* [WHAT YOU HAVE TO DO]
Leave out the pictures and retype, exactly, the lines below from the line with "Wet ingredients in" up to and including the line with "covid-19 vaccine - coronavirus", nothing more.

Top of SOURCE DATA

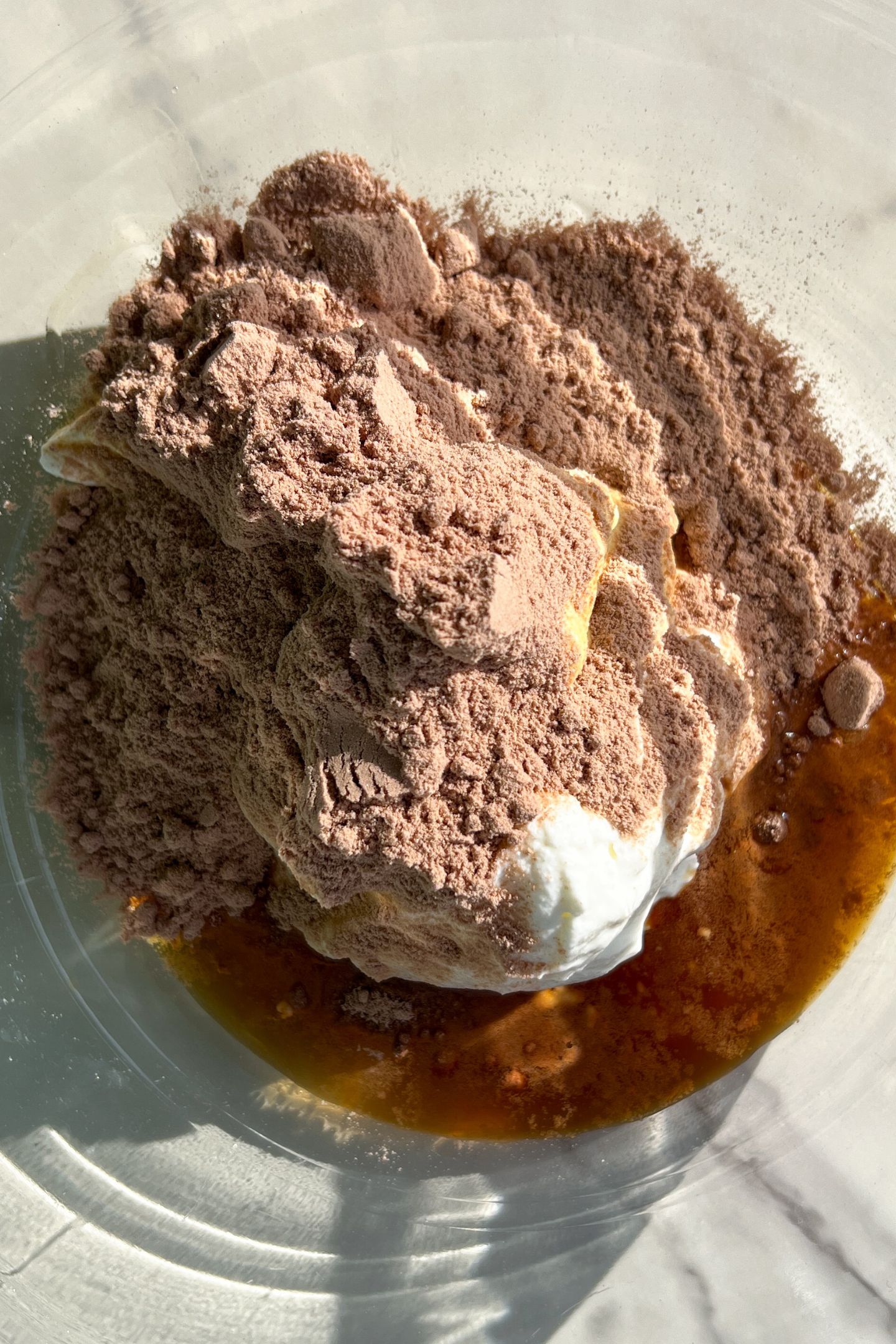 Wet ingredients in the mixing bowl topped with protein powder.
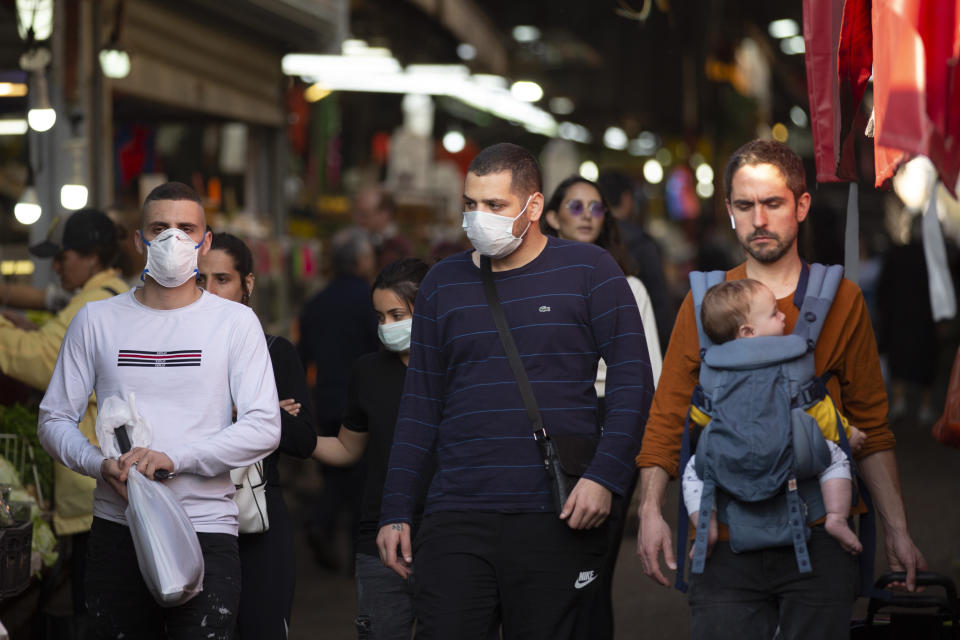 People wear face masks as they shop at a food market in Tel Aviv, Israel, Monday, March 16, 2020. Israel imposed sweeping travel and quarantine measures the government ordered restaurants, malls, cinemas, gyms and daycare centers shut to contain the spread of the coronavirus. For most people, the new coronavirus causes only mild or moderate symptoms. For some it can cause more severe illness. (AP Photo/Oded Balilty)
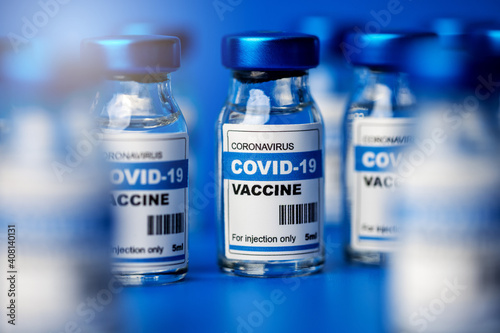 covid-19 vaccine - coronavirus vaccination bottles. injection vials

Bottom of SOURCE DATA
Top of SOURCE DATA

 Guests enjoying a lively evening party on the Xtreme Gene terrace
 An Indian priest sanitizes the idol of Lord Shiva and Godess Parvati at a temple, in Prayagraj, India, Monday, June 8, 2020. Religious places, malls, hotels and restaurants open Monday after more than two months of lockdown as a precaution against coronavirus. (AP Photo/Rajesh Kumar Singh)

Bottom of SOURCE DATA
Top of SOURCE DATA

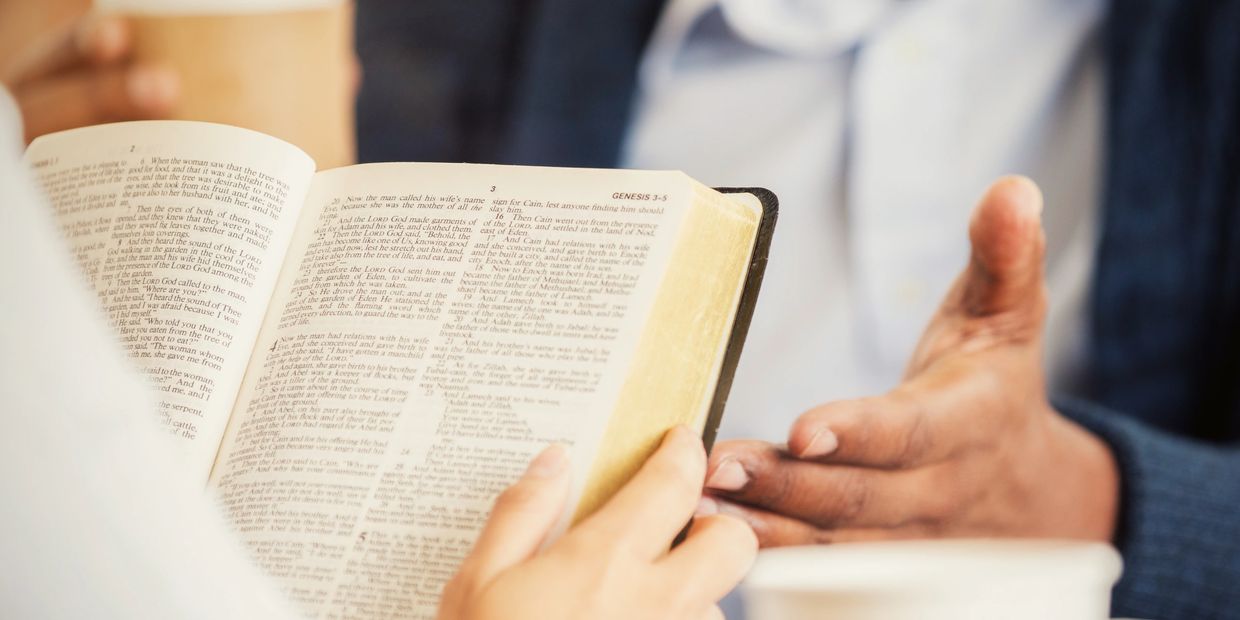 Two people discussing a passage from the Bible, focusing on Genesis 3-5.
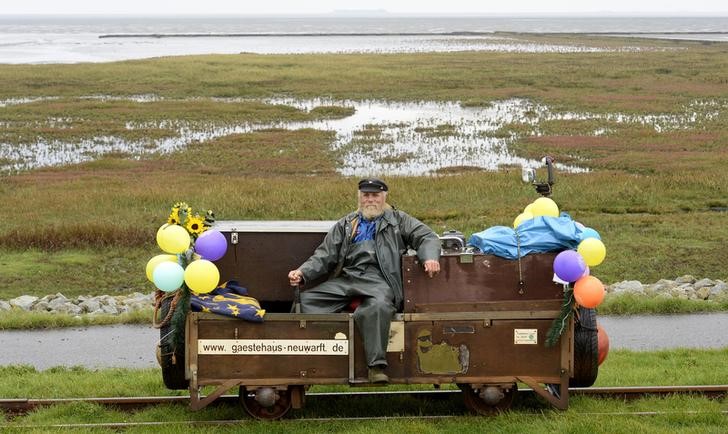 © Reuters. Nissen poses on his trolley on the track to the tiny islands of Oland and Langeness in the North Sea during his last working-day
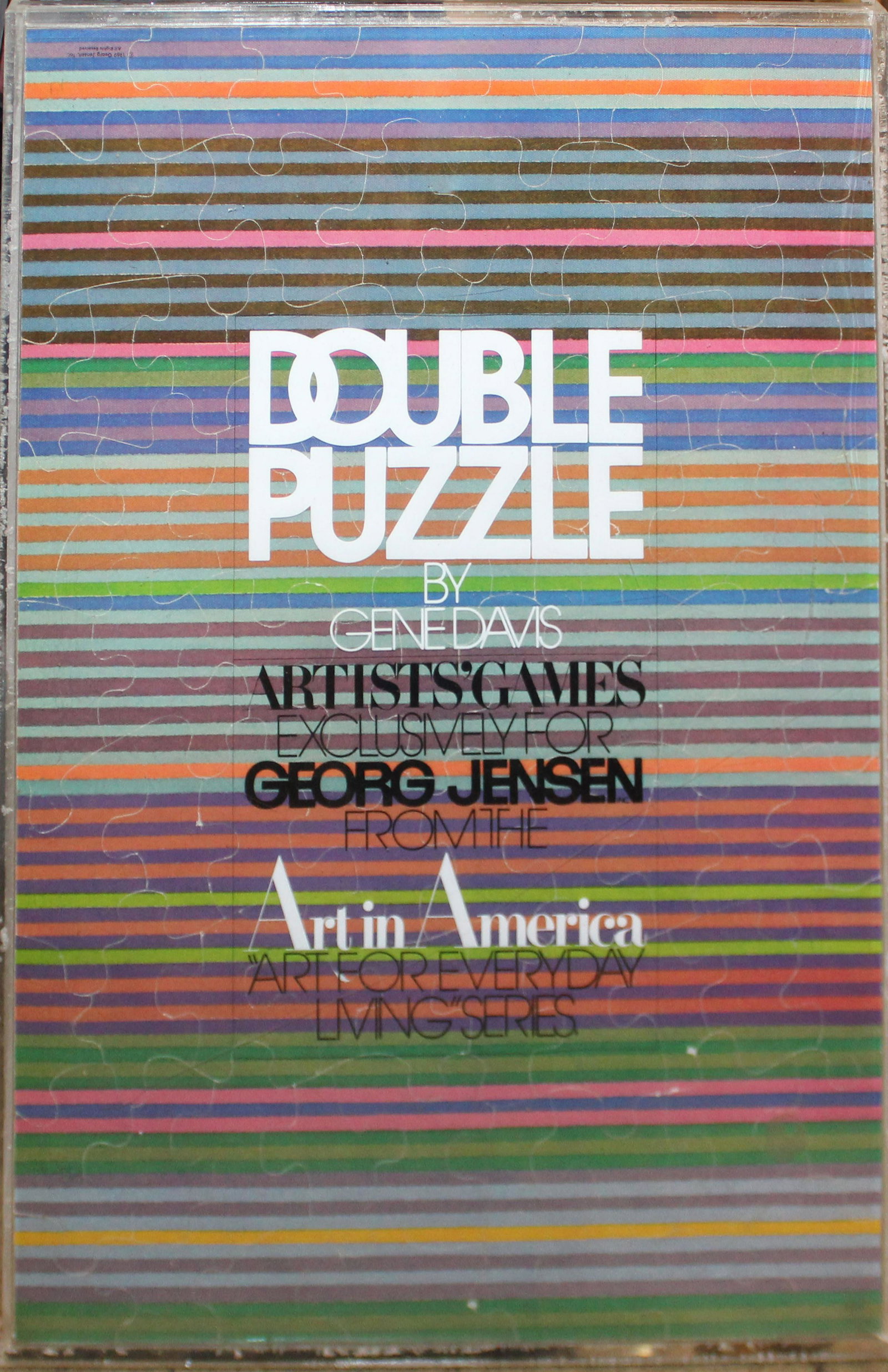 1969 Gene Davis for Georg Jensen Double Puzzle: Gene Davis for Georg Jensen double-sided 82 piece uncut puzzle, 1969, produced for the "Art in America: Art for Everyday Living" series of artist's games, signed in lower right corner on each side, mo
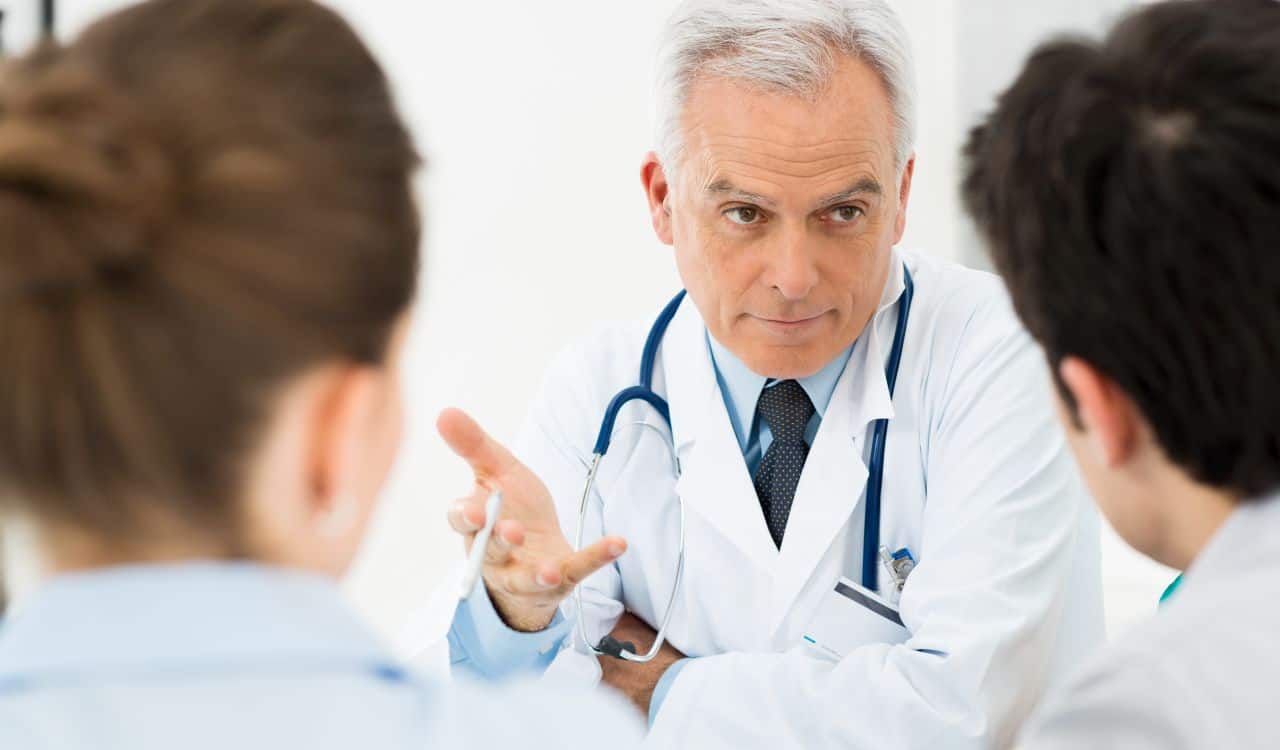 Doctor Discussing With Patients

Bottom of SOURCE DATA

* [OUTPUT BELOW]
 Wet ingredients in the mixing bowl topped with protein powder.
 People wear face masks as they shop at a food market in Tel Aviv, Israel, Monday, March 16, 2020. Israel imposed sweeping travel and quarantine measures the government ordered restaurants, malls, cinemas, gyms and daycare centers shut to contain the spread of the coronavirus. For most people, the new coronavirus causes only mild or moderate symptoms. For some it can cause more severe illness. (AP Photo/Oded Balilty)
 covid-19 vaccine - coronavirus vaccination bottles. injection vials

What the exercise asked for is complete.